SMA News Forums Forums Treatments and Research Spinraza (nusinersen) “My Spinraza Journey”

  • “My Spinraza Journey”

    Posted by kevin-schaefer on January 4, 2018 at 11:34 am

    Our newest columnist Ryan Berhar posted an article a few weeks ago describing the ups and downs of his trying to receive Spinraza:

    It’s a great column which articulates many of the issues SMA adults face in starting this treatment process. Like Ryan, other SMA adults have been denied the treatment due to factors like having a spinal fusion.

    I’m curious to hear from you all about your experiences with Spinraza. Have any of you had this kind of difficulty as well? Let’s get this discussion going.

    deann-r replied 6 years, 2 months ago 4 Members · 6 Replies
  • 6 Replies
  • deann-r

    January 7, 2018 at 11:18 am

    I was surprised when I was given the go ahead to start treatment since so many are still fighting for approval.  Started treatments in September 2017.  Because of my spinal fusion they do the injections through the neural foramen with ct guidance. It’s gone incredibly smoothly.  I’m 38 type 2.  You can follow my vlog DeAnn’s Daily Adventures on YouTube.

    • kevin-schaefer

      January 7, 2018 at 6:34 pm

      Thanks for sharing! I’ve actually come across your YouTube series. Would you mind posting a link to it in another post here? It’d be great for other users to see.

      Yes I’ve been fortunate as well. I started receiving injections in November 2017, and it’s gone quite well so far. Mine are being administered via neck injections, due to my spinal fusion. My hope is that more neurologists will be willing to try alternative injection methods for SMA adults who have had fusions. Time will tell I guess.

      Thanks for joining the discussion!

    • art-slott

      February 2, 2018 at 1:42 pm

      Biogen reported that 20% of Spinraza patients are over 17. So with those kind of numbers, if the data is positive enough, it makes it harder on the insurance companies and govt entities to deny coverage. I’m hoping we will hear a lot more about this older population at the annual AAN conference in April.

  • federica-borsi

    January 17, 2018 at 10:16 am

    I’m federica, I’m 22, type3. I’m italian. I would like to know if there is any adult among you who received Spinraza even though he has a fixed spine?
    in Italy, due to bureaucracy and politics, doctors administer Spinraza only to children, but spinraza is also approved for adults. Italian doctors are afraid to do Spinraza to adults so I would like some contact of American neurologists to ask more informations.
    I would like to know from the adults who received Spinraza the side effects and the beneficial effects.
    I apologize for my bad english.
    best regards

    • kevin-schaefer

      January 17, 2018 at 10:26 am

      Hi Federica, yes I do know that in other countries Spinraza hasn’t been as widely administered among both children and adults. I live in North Carolina in the U.S. and started receiving the treatment in November 2017. I’m 24 with SMA Type 2, and I have had a spinal fusion. My doctors were unable to find an opening in my spine to do the standard spinal injection, so instead I’ve been receiving mine through a series of neck injections. I’ve written about this in detail in my SMA News Today column “Embracing My Inner Alien.”
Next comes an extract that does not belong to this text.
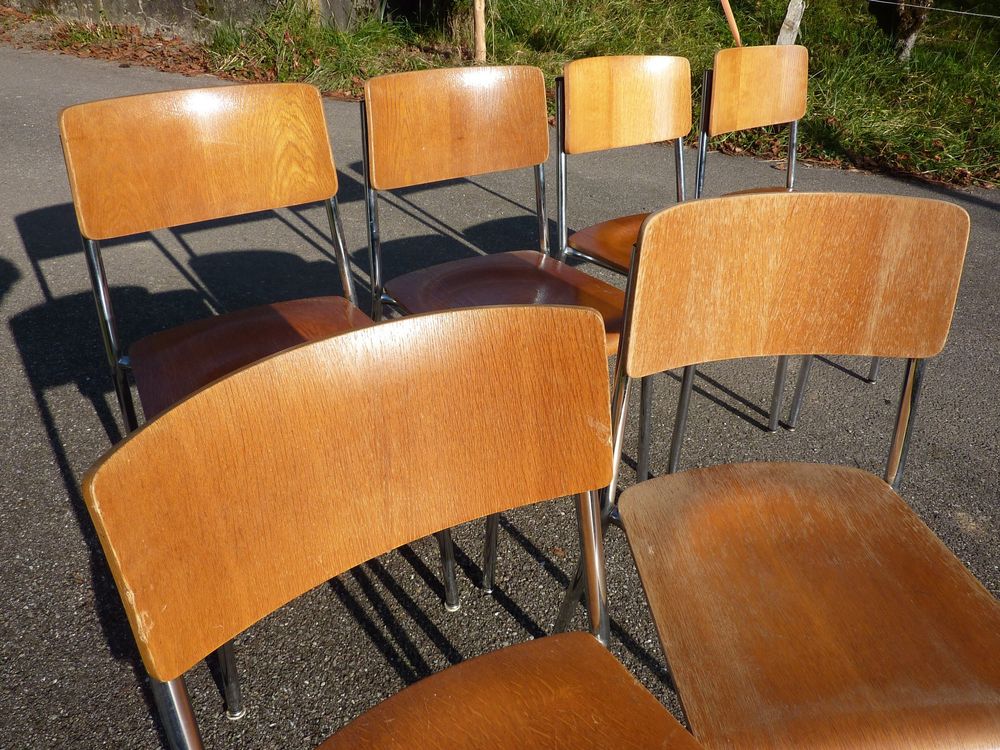 6 Stühle Holzstühle Stapelstühle Seminarstühle stapelbar 9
      I do know that even here in the U.S., there are still neurologists who don’t feel comfortable trying alternative methods, so there are still plenty of adults who have been unable to receive the treatment. I do hope that you’re able to receive it eventually. I think it’ll still take some time for doctors to be convinced that methods like the neck injections are effective, but until then the best thing to do is keep researching and talking with your doctors.
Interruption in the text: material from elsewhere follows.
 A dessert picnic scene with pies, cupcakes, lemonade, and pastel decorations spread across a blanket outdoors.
      Also if you send me a private message I can give you the name of my neurologist. I go to Duke Hospital in Durham, North Carolina for my treatments.

  • deann-r

    February 12, 2018 at 10:30 am


    I know of several adults who are getting Spinraza in the US and have their spine fused, I am among them.  Sometimes a CT scan will show an opening so the injection can be done normally or with fluoroscopy imaging.  My injection is given through the neural foramen using CT guidance because my fusion did not allow traditional access.  With this method they gain access to the spinal fluid from your side through the natural opening where your nerves branch out into your legs.  It’s worked like a charm for me.  Some have gotten a port surgically placed for easier access.  Others get theirs via cervical injection from an experienced doctor.  Some have also had a procedure called a laminectomy to remove a segment of bone to gain access.  Each method has its benefits and drawbacks.  When Spinraza does become available for adults in your country I would recommend discussing your options with your doctor.  I’m hopeful everyone will have access to this treatment.  The sooner the better, so keep fighting for it!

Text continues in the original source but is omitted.